Approach: Use Depth First Search

  1. Mark all the nodes as unvisited and create and empty path and make the pathExist false.
  2. Start from the vertex v1 and visit the next vertex (use adjacency list).
  3. Keep track of visited nodes to avoid cycles.
  4. Add current vertex to result (taking integer array here) to keep track of path from vertex v1.
  5. Now if you look carefully, the new problem is to find paths from the current vertex to destination.

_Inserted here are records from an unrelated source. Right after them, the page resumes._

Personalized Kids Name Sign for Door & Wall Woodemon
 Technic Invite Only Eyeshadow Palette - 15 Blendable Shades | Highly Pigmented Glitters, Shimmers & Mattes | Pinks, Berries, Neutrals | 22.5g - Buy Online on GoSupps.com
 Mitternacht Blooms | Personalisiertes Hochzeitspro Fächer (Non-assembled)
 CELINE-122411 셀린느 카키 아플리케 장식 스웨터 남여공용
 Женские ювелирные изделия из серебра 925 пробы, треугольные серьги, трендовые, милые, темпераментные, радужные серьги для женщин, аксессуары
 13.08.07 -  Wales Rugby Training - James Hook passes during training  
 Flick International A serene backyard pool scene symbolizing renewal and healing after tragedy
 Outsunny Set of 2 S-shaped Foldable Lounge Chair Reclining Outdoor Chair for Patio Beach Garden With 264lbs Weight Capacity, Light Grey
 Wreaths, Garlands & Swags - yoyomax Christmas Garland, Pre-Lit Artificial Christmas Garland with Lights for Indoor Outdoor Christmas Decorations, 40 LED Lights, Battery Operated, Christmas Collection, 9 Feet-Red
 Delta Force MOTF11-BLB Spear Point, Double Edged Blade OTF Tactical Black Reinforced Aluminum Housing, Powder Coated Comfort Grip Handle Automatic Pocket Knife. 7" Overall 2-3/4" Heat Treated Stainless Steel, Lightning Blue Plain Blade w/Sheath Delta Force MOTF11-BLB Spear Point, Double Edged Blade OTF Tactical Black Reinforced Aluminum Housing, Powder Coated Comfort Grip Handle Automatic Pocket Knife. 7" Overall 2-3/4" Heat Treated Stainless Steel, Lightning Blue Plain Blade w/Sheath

For instance as per the example above, start from vertex 0 and visit vertex 1. Now all the paths from vertex 1 to vertex 5 will be included in our final result if we add vertex 0. So make a recursive call with source as vertex 1 and destination as vertex 5.
  6. Once reach to the destination vertex, print the path.
  7. Mark the current node as unmarked and delete it from path.
  8. Now visit the next node in adjacency list in step 1 and repeat all the steps (loop)

Implementation

Following is C++ implementation of above approach.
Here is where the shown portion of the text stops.